A label consists of any word, usually in uppercase, followed by
a colon. The label appears just before the loop operator (while,
for, or foreach)
and can be used as an anchor for jumping to from within the block:
RECORD: while ( <INFILE> ) {
$even = !$even;
next RECORD if $even;
print;
}
That code snippet prints all the odd-numbered records in INFILE.
The three label control statements are
next Jumps
to the next iteration of the loop marked by the label or to the
innermost enclosing loop if no label is specified.
last Immediately
breaks out of the loop marked by the label or out of the innermost
enclosing loop if no label is specified.
redo Jumps
back to the loop marked by the specified label or to the innermost
enclosing loop if no label is specified. This causes the loop
to execute again with the same iterator value.
Subroutines
The basicsubunit of code in Perl is a subroutine. This is similar
to a function in C and a procedure or a function in Pascal. A
subroutine may be called with various parameters and returns a
value. Effectively, the subroutine groups together a sequence
of statements so that they can be re-used.
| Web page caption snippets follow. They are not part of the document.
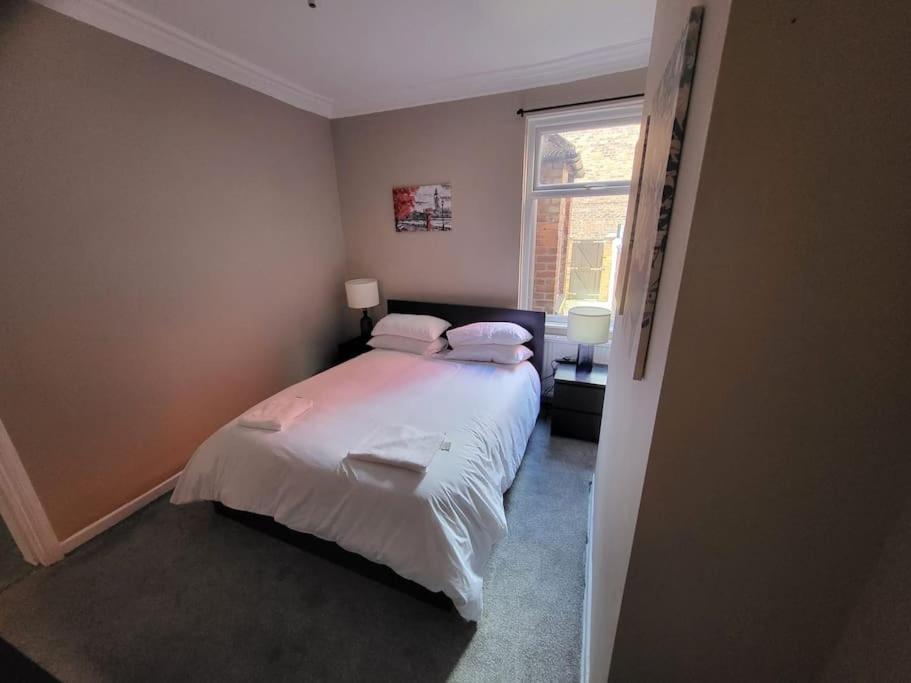 4 Bedroom House, 8 Min To City! Manchester Eksteriør billede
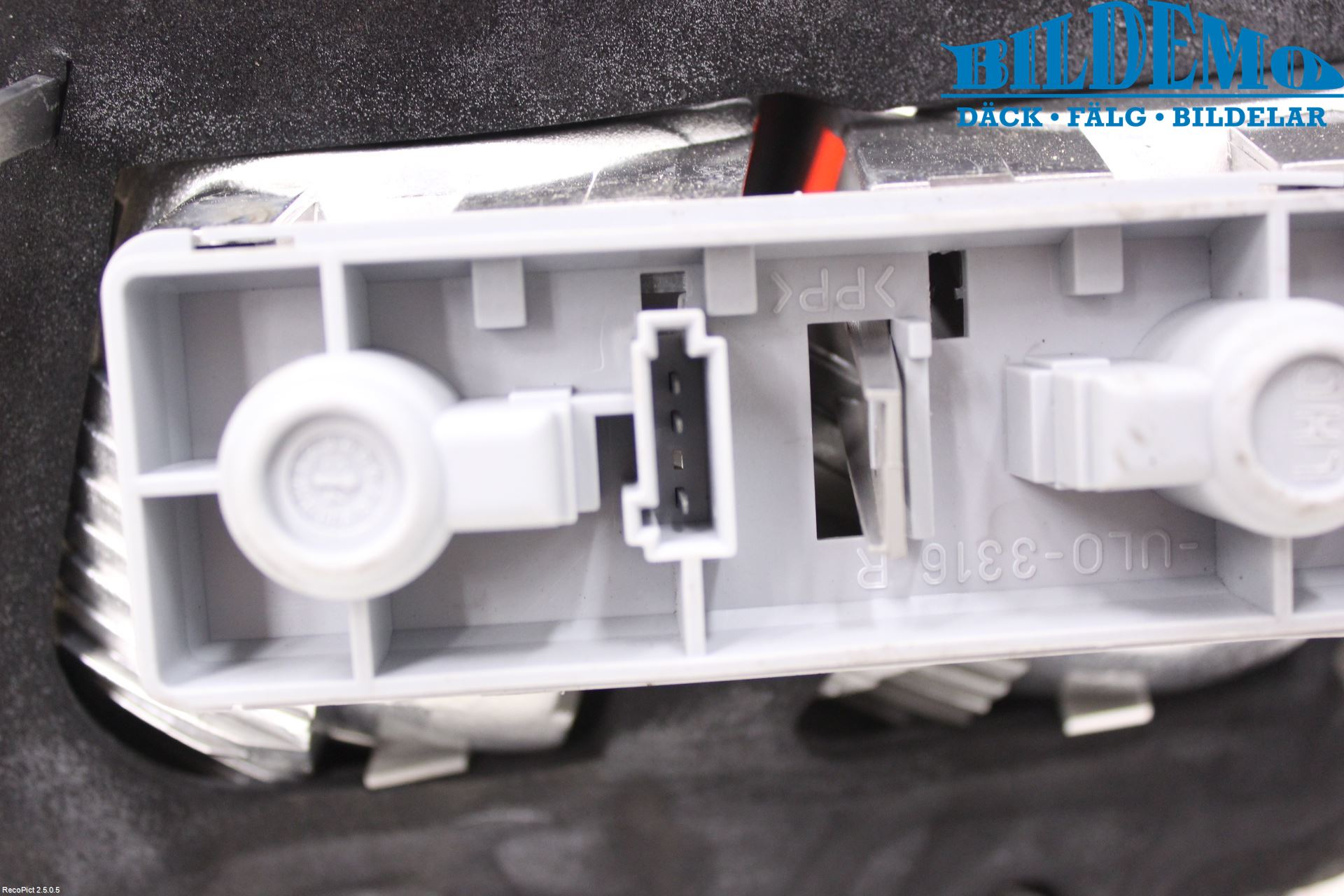 Saab 9-5 -05 Bakljus Lucka Hö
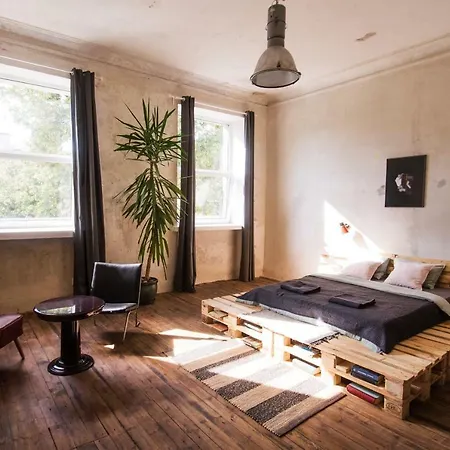 B&b&b&b&b (adults Only) Hostel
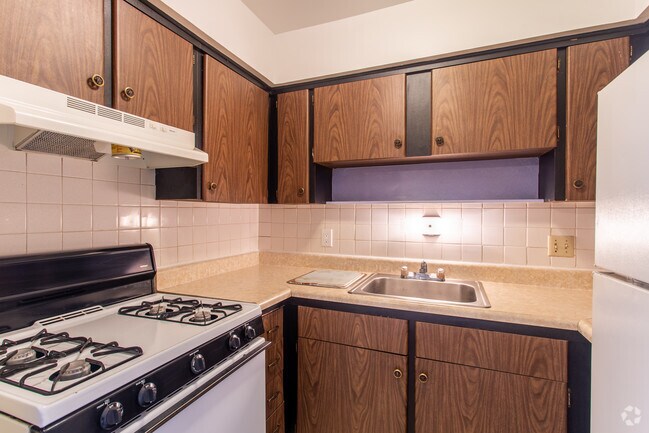1BR, 1BA - 624 SF - Heritage Apartments
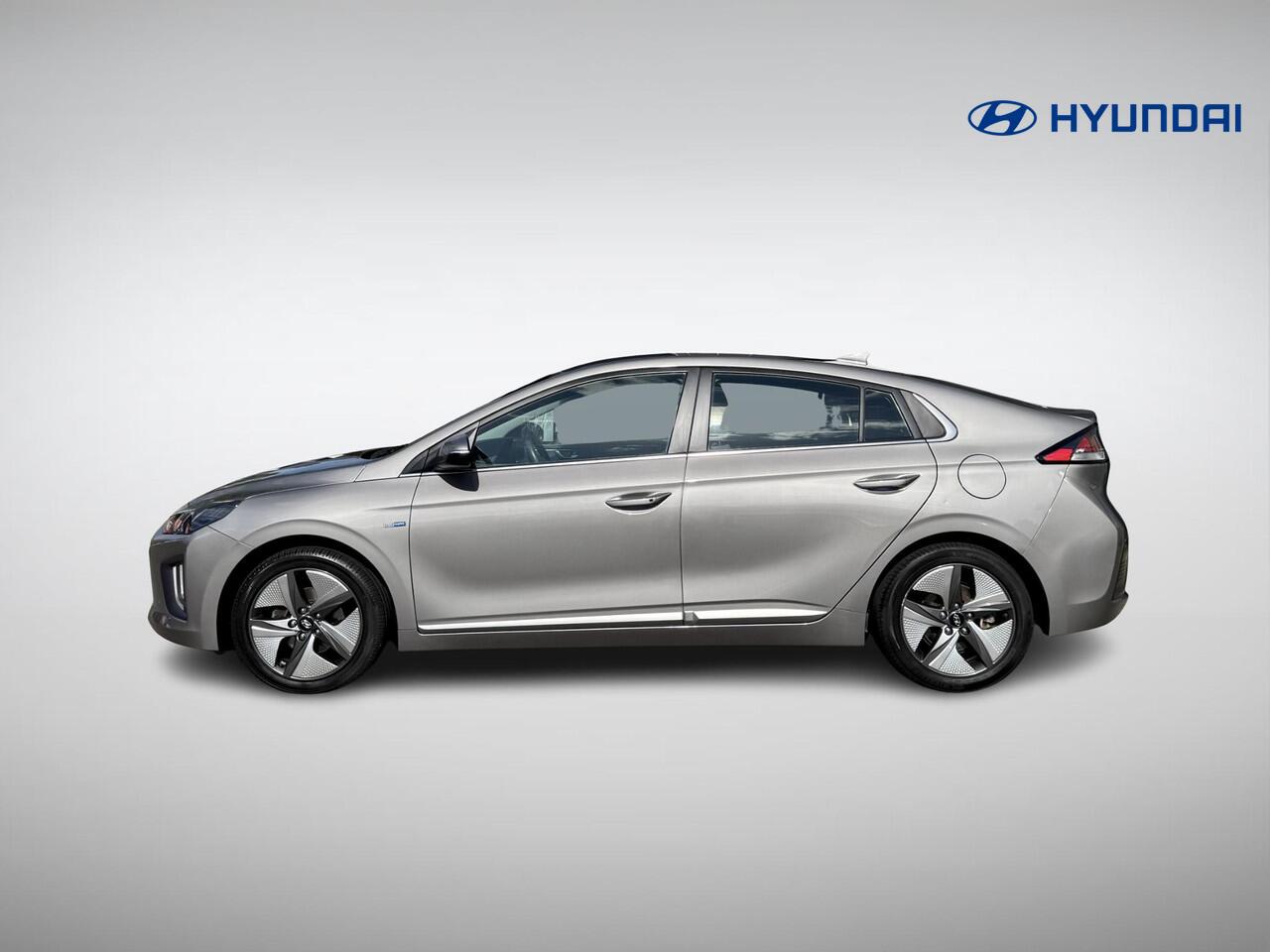 Hyundai IONIQ 1.6 GDi Comfort - Plus | Navigatie | Camera | Apple Carplay/Android Auto | Adapt. Cruise Control | Keyless Entry | Rijklaarprijs!
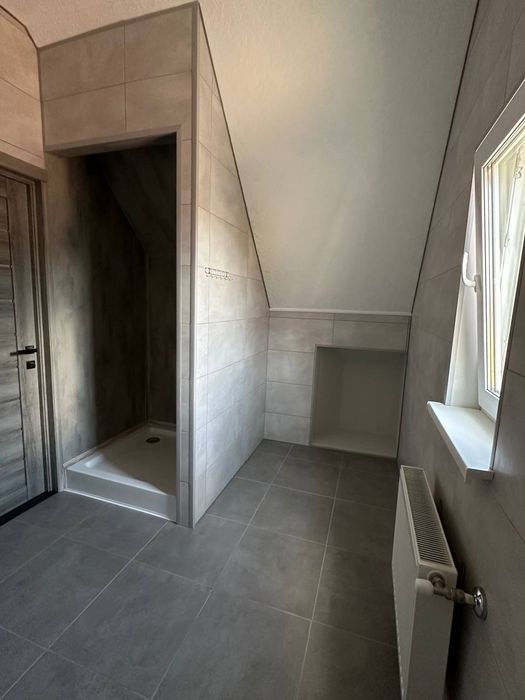 ВЛАСНИК!Будинок з ремонтом 160 м2+ Автонавіс 60м2,с.Білогородка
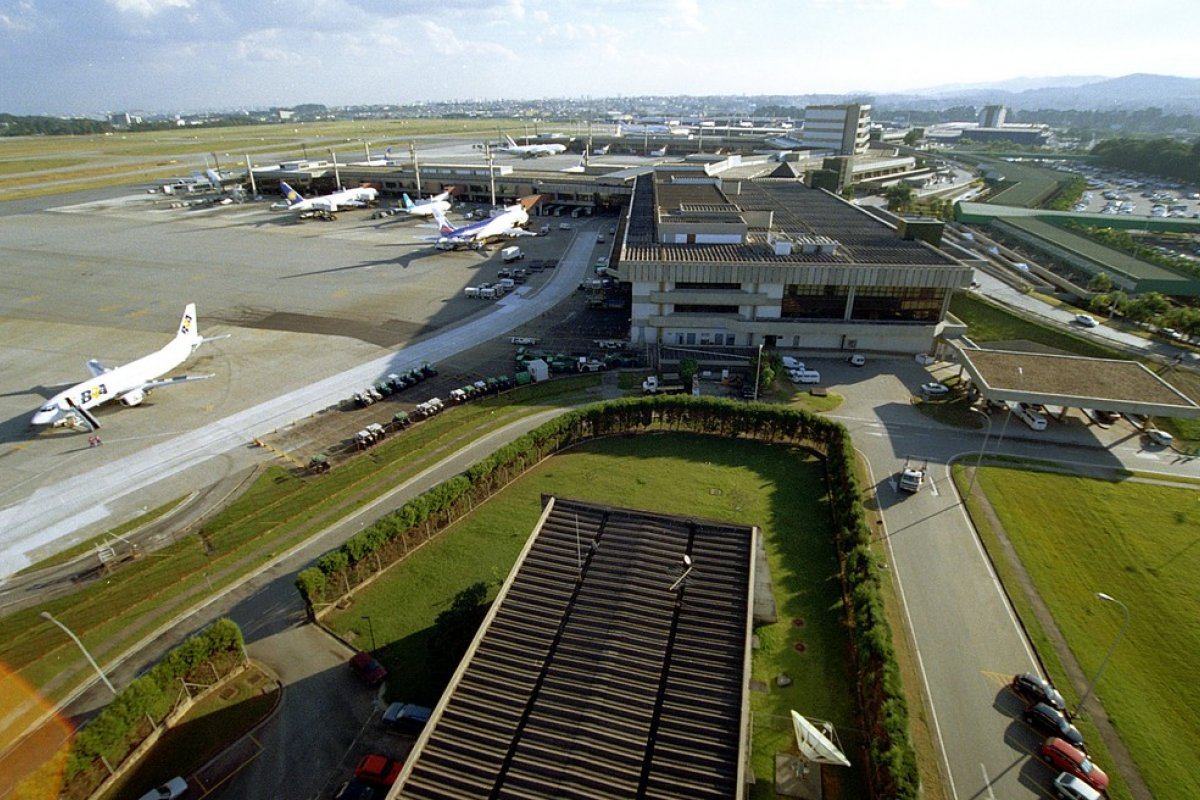 Suspeita de vazamento de gás em restaurante no aeroporto de Guarulhos causa pânico e correria entre passageiros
The Simplest Form of Subroutine
Subroutines can be declared anywhere in a program. If more than
one subroutine with the same name is declared each new version
replaces the older ones so that only the last one is effective.
It is possible to declare subroutines within an eval()
expression, these will not actually be declared until the runtime
execution reaches the eval()
statement.
Subroutines are declared using the following syntax:
sub subroutine-name {
statements
}
The simplest form of subroutine is one that does not return any
value and does not access any external values. The subroutine
is called by prefixing the name with the &
character. (There are other ways of calling subroutines, which
are explained in more detail later.) An example of a program using
the simplest form of subroutine illustrates this:
#!/usr/bin/perl -w
# Example of subroutine which does not use
# external values and does not return a value
&egsub1; # Call the subroutine once
&egsub1; # Call the subroutine a second time
sub egsub1 {
print "This subroutine simply prints this line.\n";
}
Tip
While it is possible to refer from a subroutine to any global variable directly, it is normally considered bad programming practice. Reference to global variables from subroutines makes it more difficult to re-use the subroutine code. It is best to make
any such references to external values explicit by passing explicit parameters to the subroutine as described in the following section. Similarly it is best to avoid programming subroutines that directly change the values of global variables because doing
so can lead to unpredictable side-effects if the subroutine is re-used in a different program. Use explicit return values or explicit parameters passed by reference as described in the following section.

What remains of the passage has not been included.